# WHAT YOU SHOULD DO
Using the data below, return word for word every line from the one holding "I'm Not A Hot" down to the one holding "Telescopic Handler Forklift Silhouette.". Leave pictures out.
===== GIVEN DATA =====
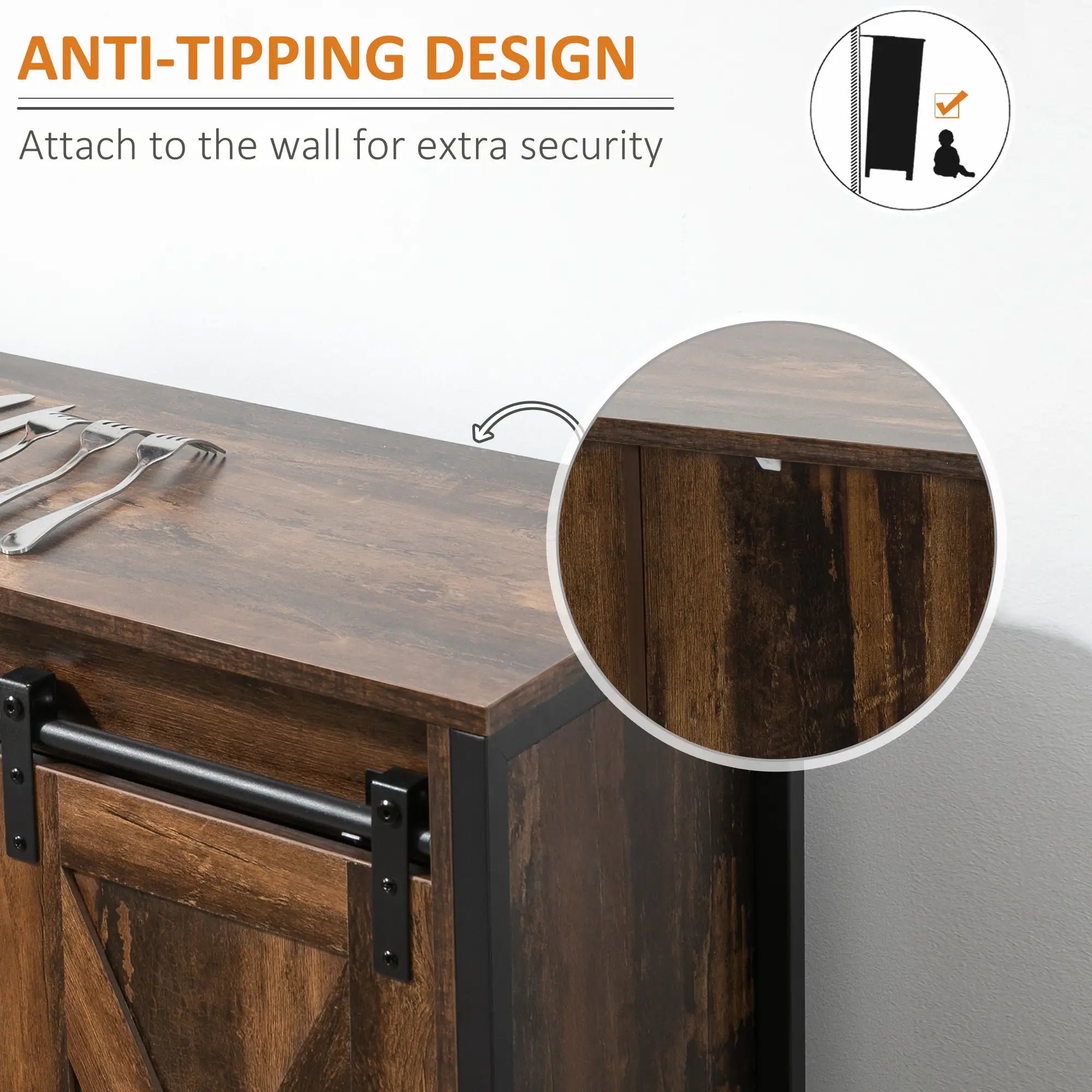 Industrial Buffet Cabinet, Kitchen Sideboard, Sliding Barn Doors, 3 Drawers, Adjustable Shelves, Rustic Brown, Brown Bar Cabinets at Gallery Canada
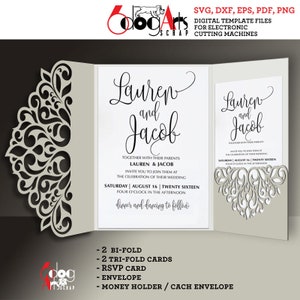 Spitzen-Umschlag, Kartenvorlagen Digitaler Schnitt SVG DXF-Dateien Hochzeitseinladung Briefpapier Schneidbare Designs Download Silhouette Cricut JB-863na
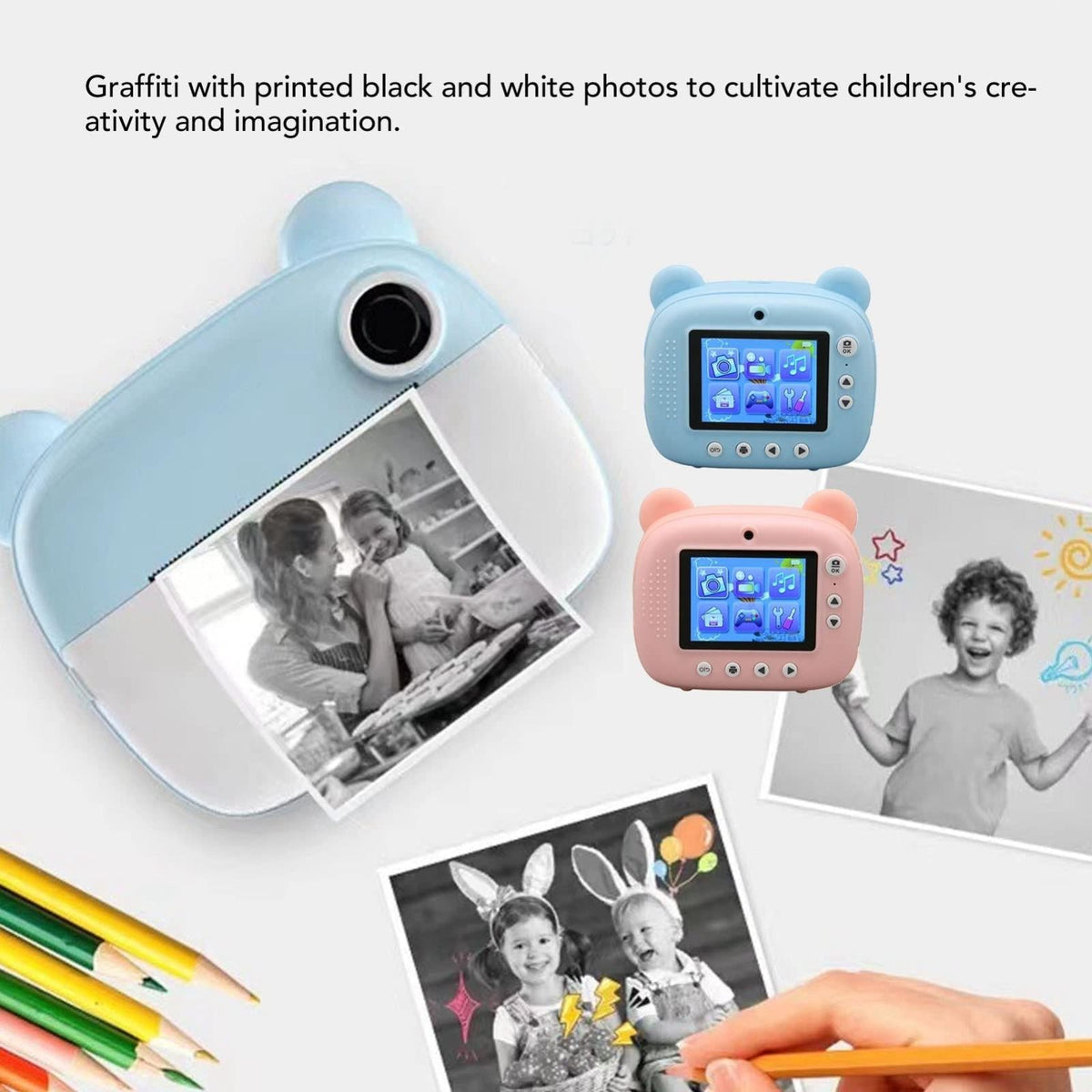 Instant Print Camera for Kids with Dual Lens & 2.4 - inch Screen | Blue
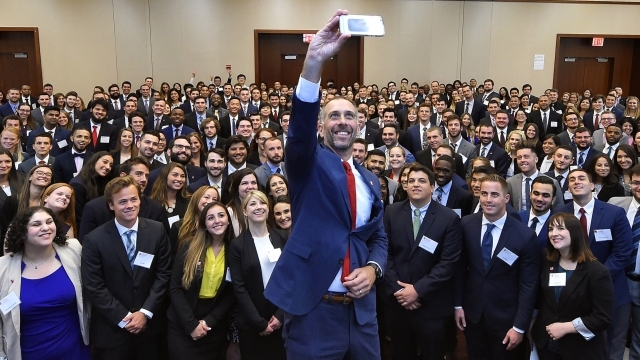 Dean Simons Taking Selfie with Incoming Class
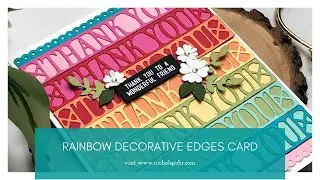 Rainbow Decorative Edges Thank You Card (Spellbinders)
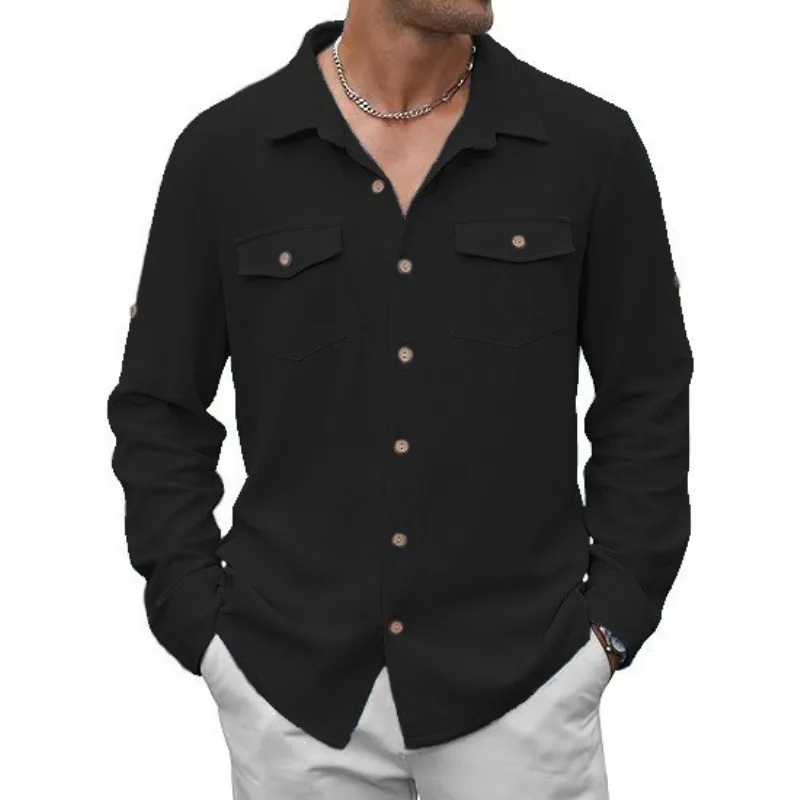

New Men's Shirt Double Pocket Cotton Linen Long Sleeve Shirt Casual Vacation Fashion Japanese Style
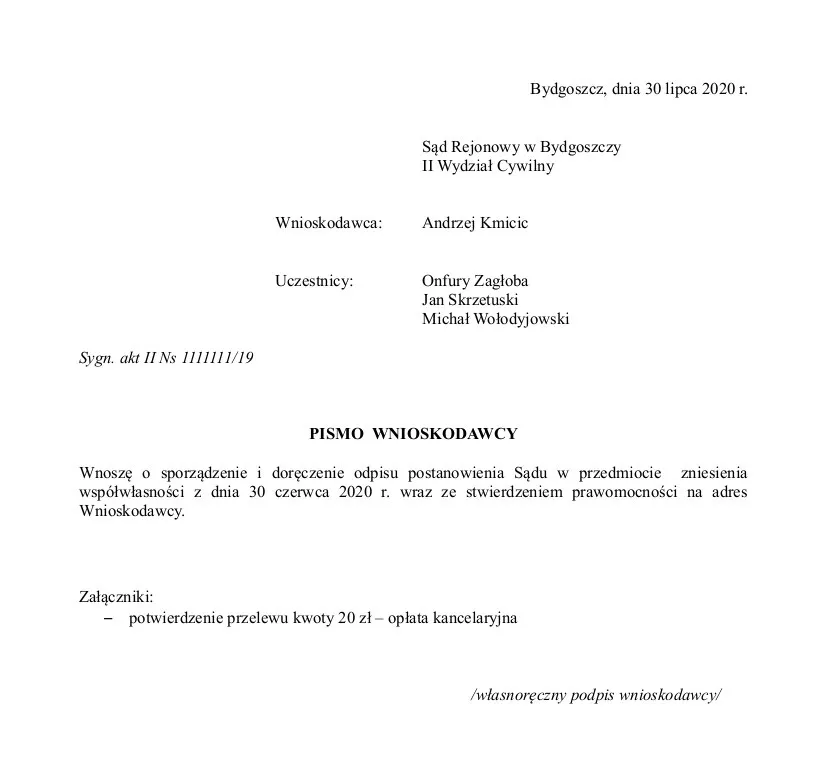 wniosek o odpis wyroku sądowego ePUAP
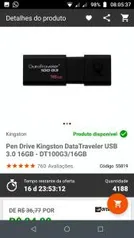 Pen Drive Kingston DataTraveler USB 3.0 16GB - DT100G3/16GB R$ 25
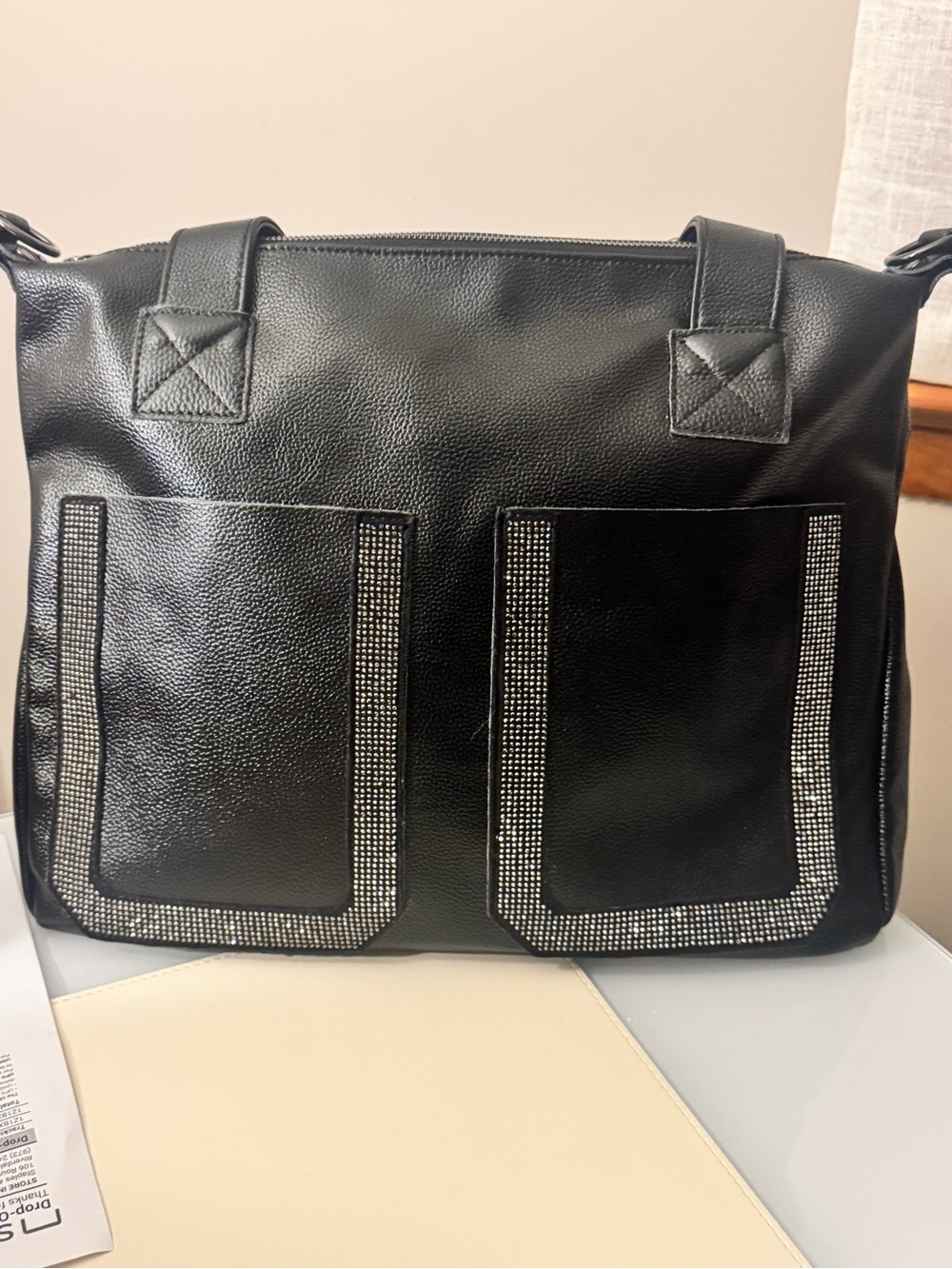 Black gorgeous high quality vegan leather Rhinestone large Tote Bag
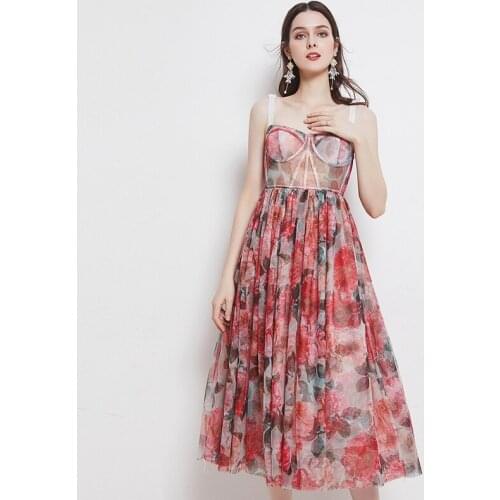 2021 Summer Rose Floral Bohemian Spaghetti Strap Cup Dress Womens Backless Sexy Strapless Mesh Flower Print Beach Holiday Dress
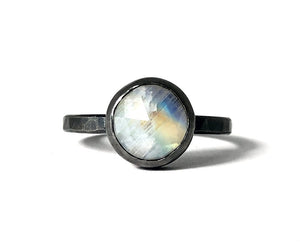 Moonstone Amulet Ring. Handmade by Alex Lozier Jewelry. Season of the Witch collection.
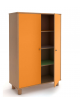 Armadio in legno con 3 ripiani a 2 antine colorate - cm 100x45x155h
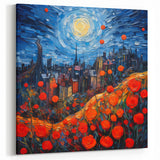 Paris Cityscape Art - Colorful Night Sky and Vibrant Flower Canvas Print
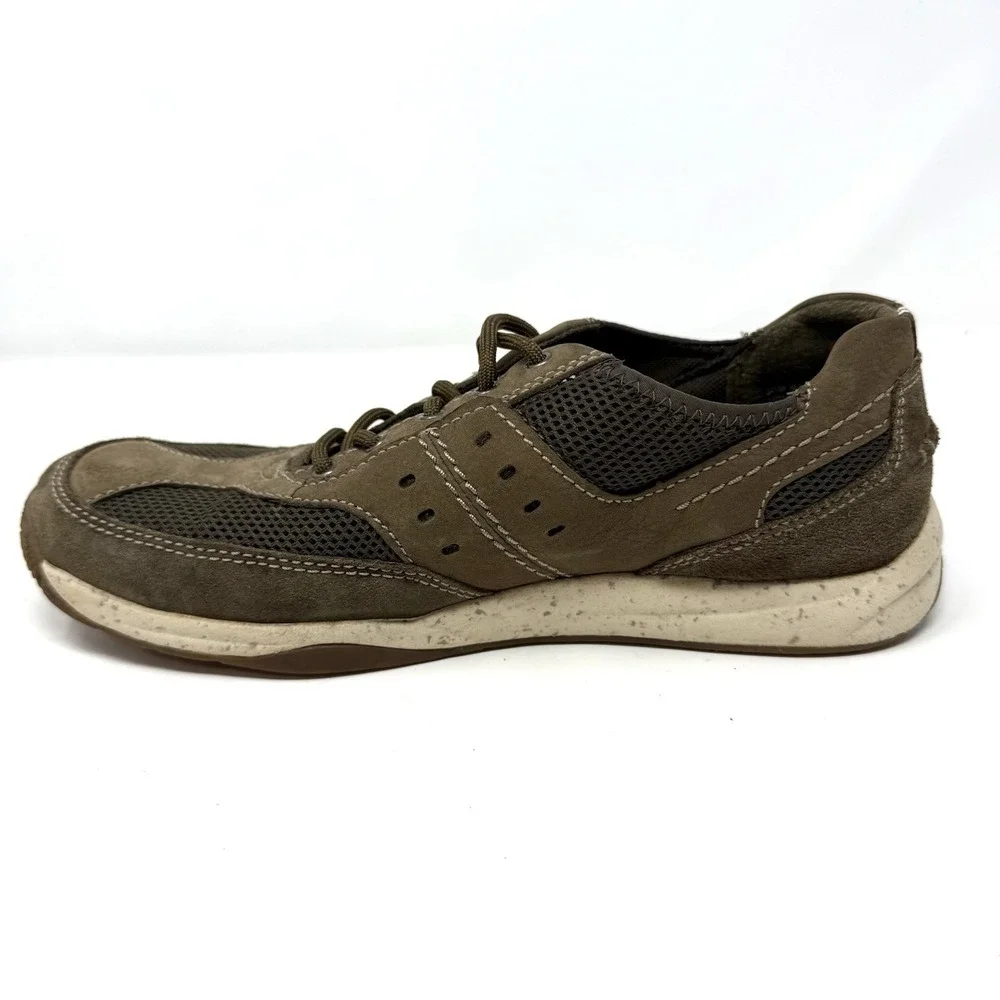 Clarks AllSton Low Size 7.5M Mens Tan Olive Leather Lace Up Casual Shoes Sneaker
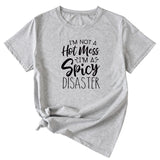 I'm Not A Hot Mes I'm Round-neck Fashion Women's Loose Letter Short Sleeve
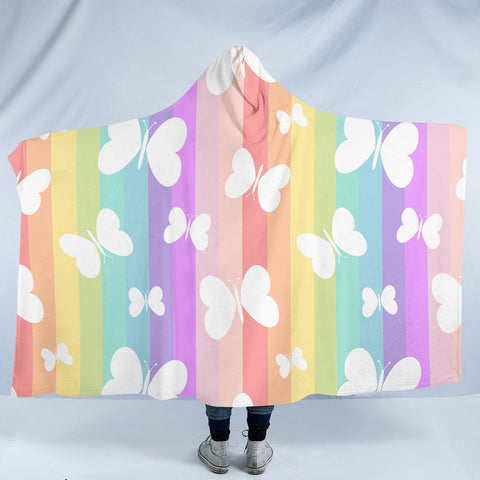 Image of Rainbow Butterfly SW1008 Hooded Blanket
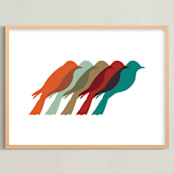 "Mod Birds" - Art Print in Multi by Jennifer Morehead - Framed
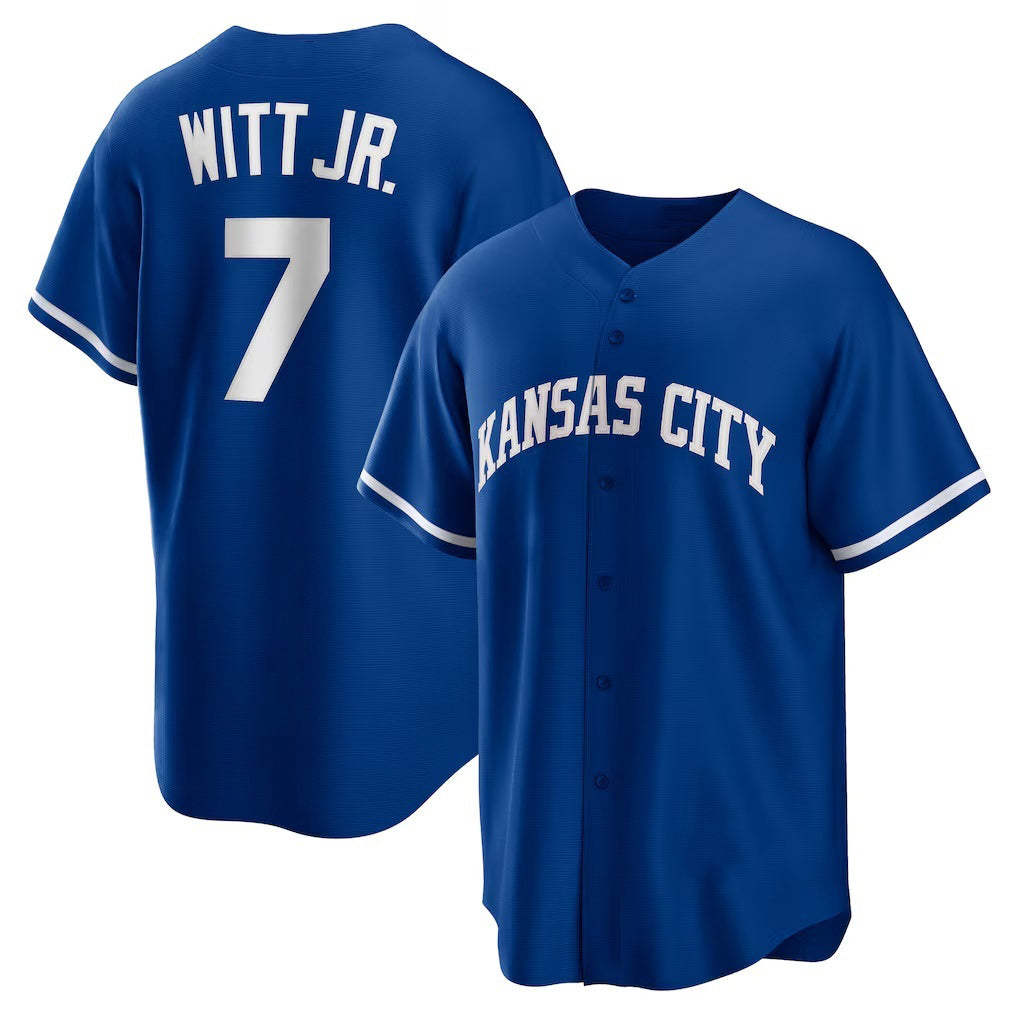 Kansas City Royals #7 Bobby Witt Jr. Rush Blue Puhics Alternate 2 Replica Jersey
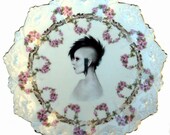 Modern Lady Portrait Plate - Altered Antique Plate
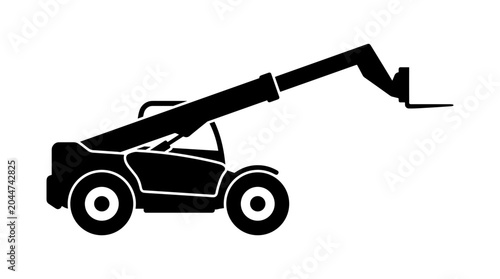 Telescopic Handler Forklift Silhouette.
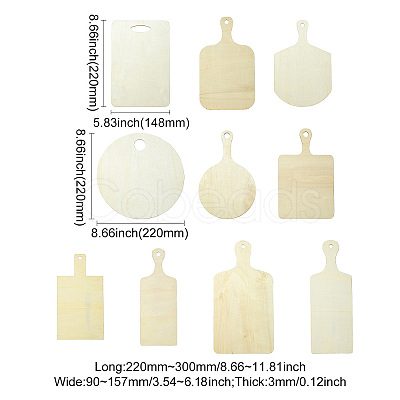 10Pcs 10 Styles Rectangle Wooden Mini Cutting Board with Handle AJEW-CJ0001-51-1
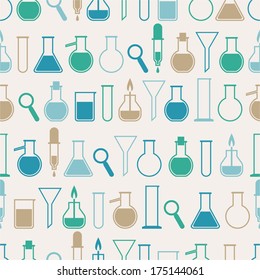 Seamless pattern with laboratory equipment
=====
# RESULT FOR THIS EXERCISE
 I'm Not A Hot Mes I'm Round-neck Fashion Women's Loose Letter Short Sleeve
 Image of Rainbow Butterfly SW1008 Hooded Blanket
 "Mod Birds" - Art Print in Multi by Jennifer Morehead - Framed
 Kansas City Royals #7 Bobby Witt Jr. Rush Blue Puhics Alternate 2 Replica Jersey
 Modern Lady Portrait Plate - Altered Antique Plate
 Telescopic Handler Forklift Silhouette.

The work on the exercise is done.